Kamis, 30 Juni 2016

Ia Ibumu

Setelah berkali-kali panggilan tak terjawab dari nomor Malaysia, aku akhirnya mengangkat telepon masuk itu. Aku putuskan menyelesaikan dengan tuntas.

Selang beberapa detik,  terdengar suara lembut seorang wanita yang menyambut di seberang sana. Bermula basa-basi,  berlanjut nasehat seorang ibu yang tak ingin anak lelaki satu-satunya tersesat.  Entahlah, perasaanku tipis sekali. Sebelumnya, aku juga sudah mengatakan itu pada anaknya.  "Bahagiakan orangtuamu dulu, baru janjikan ini dan itu pada perempuan."
Tapi omonganku bagai angin lalu saja baginya,  hingga orang tuanya yang mengatakan itu padaku.

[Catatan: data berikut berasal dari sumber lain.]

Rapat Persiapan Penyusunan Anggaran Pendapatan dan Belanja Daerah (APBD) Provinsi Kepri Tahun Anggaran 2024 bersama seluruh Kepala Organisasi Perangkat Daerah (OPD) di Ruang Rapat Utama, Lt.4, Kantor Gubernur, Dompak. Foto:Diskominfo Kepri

Sebenarnya aku ingin  mengatakan pada ibunya,  "Jangan khawatir Bu,  saya sudah mengakhiri hubungan dengan anak Ibu".  Tapi lidah ini kelu untuk berujar seperti itu,  aku hanya mengiya-iyakan dengan tertawa kecil. Tak tahu mesti menjawab apa.  Ingin sekali rasanya berkisah pada ibunya,  bagaimana ulah anaknya padaku.  Tapi aku masih punya hati untuk tak menyerang seorang ibu yang tak tahu apa-apa.

Karena dipanggil suami kakakku,  akhirnya aku matikan saja telepon itu tanpa salam berpisahan. Mungkin ibunya telah berpikiran buruk tentangku yang tak  sopan. Biarlah,  aku sudah susah payah berpura-pura baik-baik saja menjawab telepon itu.

Jika ia memang serius,  seharusnya ia telah mengisahkan semua pada ibunya.  Jika mulutnya berat meminta maaf (tulus), mungkin ibunya bisa menjadi penyambung lidahnya.

Hanya jika,  karena dia tak lah segantle itu.